Mon voisin m’assure que voulant vous retirér des affaires (peut estre las d’une trop longue gloire) et voulant enfin jouir du repos, vous allés vous retirer a la campagne auprés de votre aimable petit fils, óh combien je le félicitte de ce bonheur qu’il sentira vivement! Distes lui mon aimable papa quelques chose de sensible de ma part, de celles de mes filles, nous parlons souvent de lui ensemble, de son ésprit, de sa gayeté, de son attachement pour vous qui fait son plus grand éloge distes lui que si ses affaires ou ses plaisirs le raméneront quelques jours dans notre pays, il est bien sur de retrouvér des amis qui ne l’ont point oubliés et qui lui seront toujours véritablement attachés; distes aussi un mot de douceur a l’aimable Benjamin qu’on aime en le regardant, parcequ’il ressemble a son grand papa; je n’ose vous rien dire pour madame votre fille qui ne me connoist pas, je la plains bien du parti que vous prenés! Peut estre cétte conformité de sentimens me vaudra t’il quelque bienveillance de sa part.
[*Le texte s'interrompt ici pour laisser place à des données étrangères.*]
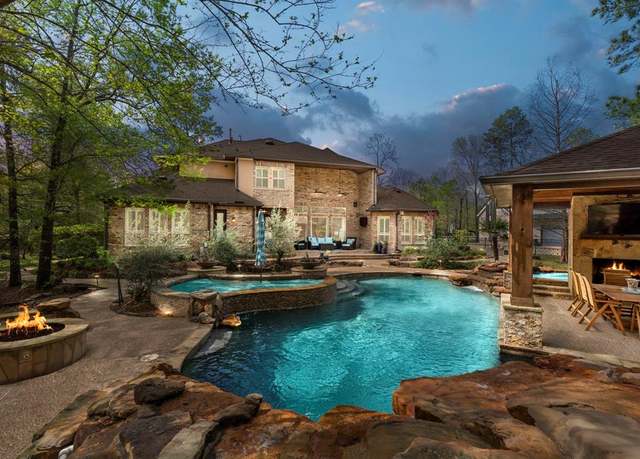 Property at 27433 S Lazy Meadow Way, Spring, TX 77386, 5 beds, 5 baths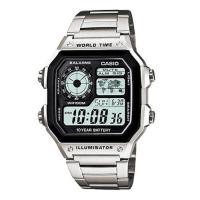 ราคา Casio นาฬิกาข้อมือ รุ่น AE-1200WHD-1AVDF (334526-915122040)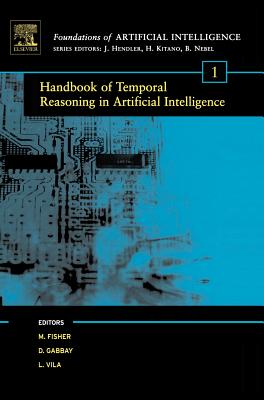 Handbook Of Temporal Reasoning In Artificial Intelligence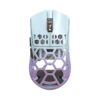 Chuột máy tính Darmoshark M2 Magic (Xanh - Tím)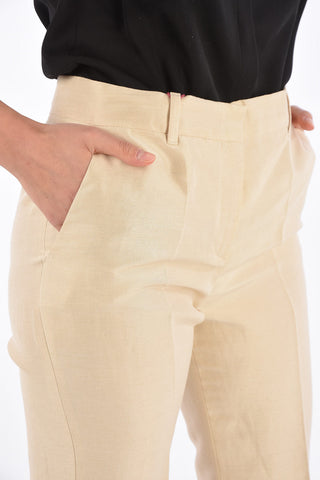 STUDIO Hidden Closure GEREMIA Palazzo Pants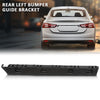 G-PLUS Rear Left Driver Bumper Guide Bracket Compatible with Chevy Malibu 2016-2021 84047939, 22976494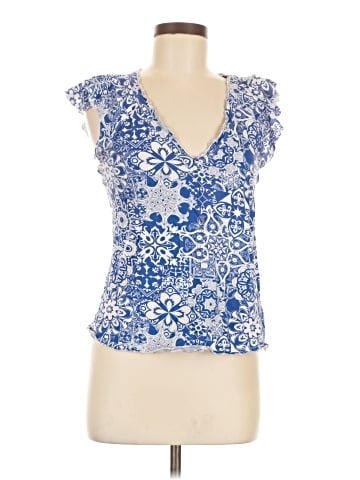 Maeve by Anthropologie Sleeveless Blouse (view 1)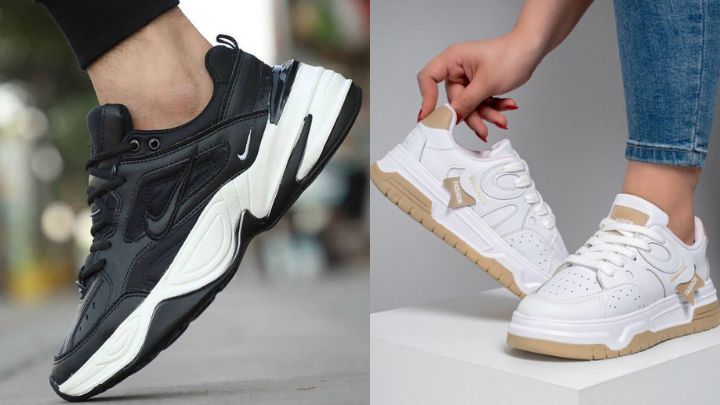 انواع مدل کتونیهای روزمره راحتی انواع مدل کتونیهای روزمره راحتی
Vous n’apprendrés pas sans intérest que ma fille aisnée est accouchée au mois d’octobre d’un garcon qu’elle nourrit, qu’il est fort, qu’il est beau, et que les soins qu’elle lui prodigue ainsi qu’a une petite fille de vingt mois fort gentille, sans la consollér entiérement de la pérte de ses deux premiérs enfans, adoucissent de jour en jour ses regréts; ma fille cadétte n’est point devenuë grosse depuis sa fausse couche, je n’ose lui dire que je n’en suis pas fâché; elle est si delicatte, que j’aime mieux pour elle, point d’enfant que plusieurs, sa santé n’y résisteroit pas. Elle est dans son nouveau ménage son mari aprés avoir demeuré trois ans chés moi, a désiré demeurér chés lui, c’étoit en soi une chose assés ordinaire, nous nous voyons tous les jours, et notre union réciproque est fort grande, mais je n’aime pas mes filles d’un amour commun et nos coeurs ont soufférts de cétte séparation; ma fille aisnée et son mari ne me quitteront jamais, c’est beaucoup d’en avoir consérvé une prés de moi et d’avoir dans un de mes gendre un ami particuliér, mais le coeur surtout quand il est bien tendre est il jamais tout a fait content!

Je compte, non comme vous mon bon papa me retirer tout a fait a la campagne, mais y passér une moitié de l’année au moins; le pays que j’habiterai est solitaire, la nature y est grande et belle; vous sçavés que j’ai toujours été assés sauvage, l’age augmente en moi cette disposition, mes enfans, mes anciens amis, voila ce qu’il me faut; en joignant aux douceurs de l’amitié, l’habitude de divérses occupations que j’ai toujours aimés, sans la nécéssité des affaires, et celle de revoir de tems a autres ceux de mes amis qui ne pourroient me venir voir a cinquante lieuës je vous imiterois volontiér en restant pour la vie aux champs, ou les plaisirs sont peu variés mais purs, les réfléctions moins étenduës, mais douces, ou l’on fait beaucoup de bien avec peu d’argent, ou l’homme enfin est ce qu’il est, ce qu’il doit estre. Adieu mon bon papa si dans vos souvenirs, le mien se retrace quelquefois, songés en mesme temp que je suis de toute vos amies celle qui vous aime le plus tendrement. Mes enfans vous offrent hommage et tendrésse, ma petite fille pour me consoller s’il est possible de la pérte de sa soeur connoist et envoye déja des baisérs a votre portrait.

Messieurs sanson, pagin, mon frére, madame des deux ponts que je vois assés souvent lorsqu’elle est a paris, parceque sa fille a épousée l’ami intime de mon gendre aisnée, me chargent tous de ne les pas oubliér prés de vous.

Donnés moi particulierement de vos nouvélles, elles me sont si chéres!

Mon voisin m’a fait voir votre musique gravés en amérique j’ai été fort contente de la gravure qui est nétte, mais le papiér est trop mince; il y a un ou deux airs que j’aurois joués pour mon bon papa qui les aime a ce que m’a dit monsieur le veillard. Cela cause et des regréts et des souvenirs bien doux!